Уже давно, изо дня в день, я наблюдаю за этим замечательным проектом фиксации повседневного. Сначала у меня к Врубелю были некоторые вопросы. Типа, не мелко ли он берет — имея в виду героев его медиального наблюдения в духе “утром в газете, вечером в куплете”. Ведь память медиа необычайно коротка — здесь действует принцип “френд-ленты”: новые сообщения вытесняют старые не только с “морды”, но и из “мозжечка”, отправляясь сквозить где-то в подсознании, и уже через некоторое время нужен будет комментарий, подобно комментарию к “Евгению Онегину” или к “Москве — Петушкам”.

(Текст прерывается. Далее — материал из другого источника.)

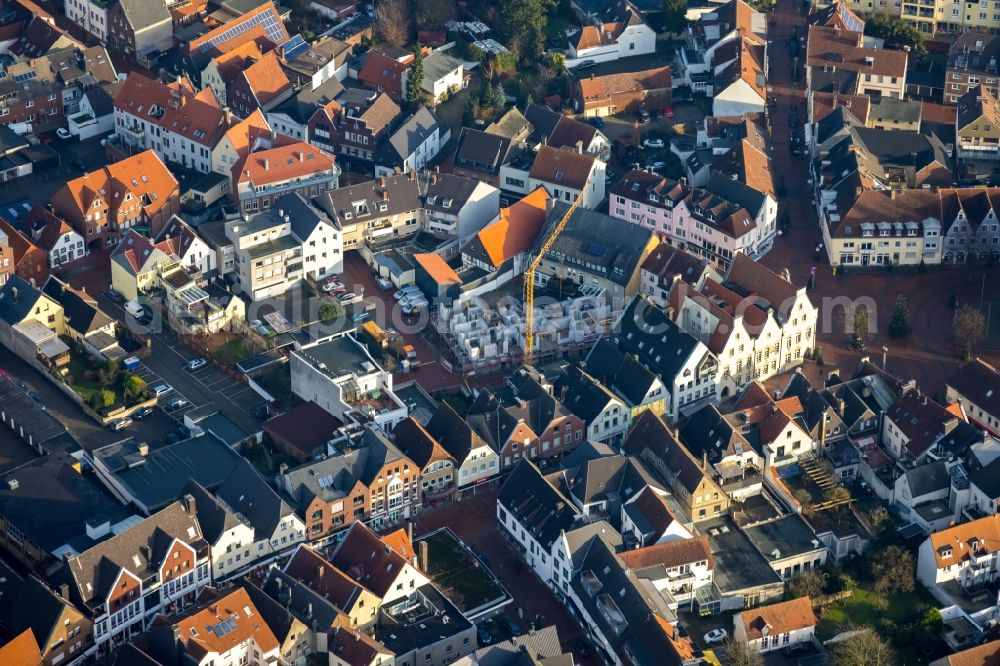 Haltern am See from the bird's eye view: Construction site for the multi-family residential building on Goldstrasse in Haltern am See in the state North Rhine-Westphalia, Germany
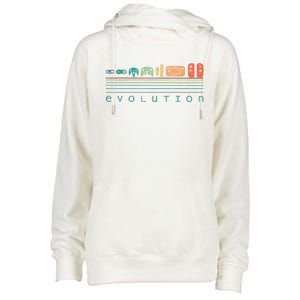 Video Game Controller Evolution 80s 90s Retro Gaming Gamer Womens Funnel Neck Pullover Hood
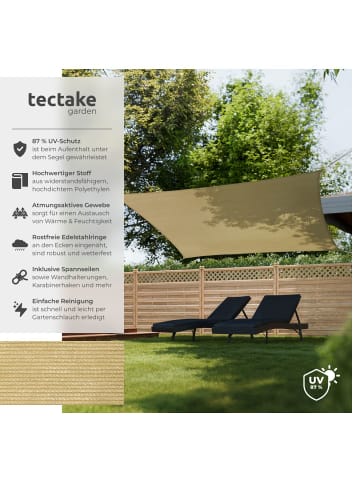 tectake Sonnensegel Sunny umfangreiches Montagematerial, Sand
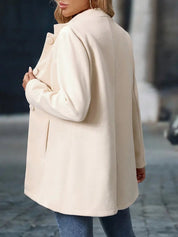 Aurélie Sinclair | Cream Stand-Collar Tailored Coat for Women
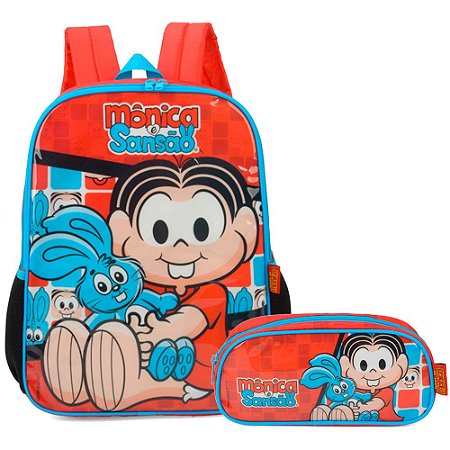 Kit Mochila Costas e Estojo Mônica e Sansão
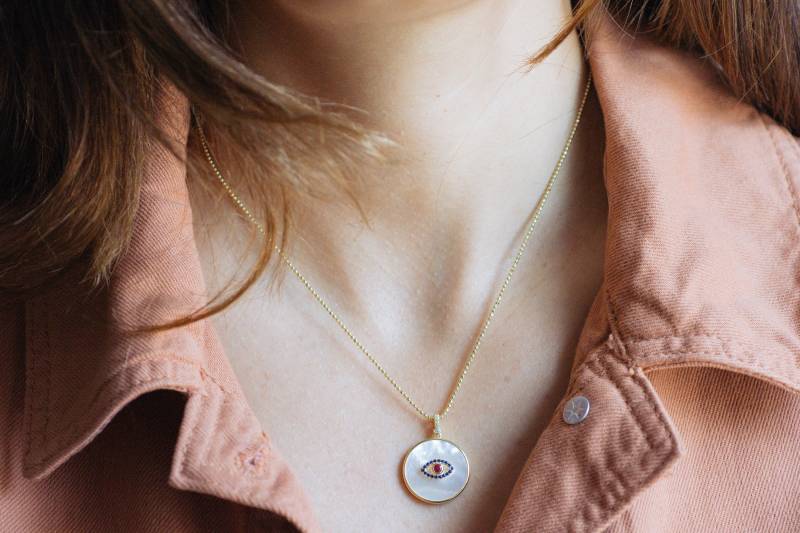 Evil Eye Halskette, Schmuck, Perlmutt Schutz Geschenk Für Sie, Anhänger von SamiJEWELS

Но меня примирило с проектом Врубеля одно рассуждение покойного Наума Юрьевича Орлова, художественного руководителя Челябинского академического театра драмы, под руководством которого я работал пять сезонов и чьи устные рассказы записывал и оформлял в книжку.
Наум Юрьевич рассуждал о силе искусства на примере “Нищего” работы передвижника Василия Перова. Орлов говорил, что на улице он скорее всего пройдет мимо просящего подаяние, тогда как в Третьяковской галерее зафиксируется перед этим портретом, сочетающим типическое и индивидуальное, психологию и общественное, обыденное и надличностное, и получит свой вполне заработанный инсайд. Ибо работа (деятельность) художника тем и значительна, что даже точное копирование создает дистанцию и обрамленность, вырванность из контекста и перенос объекта в другой контекст.
В музейном пространстве правильно поданная (впрочем, теперь, вероятно, уже любая) натуралистичность начинает звучать как метафора и, извините, символ.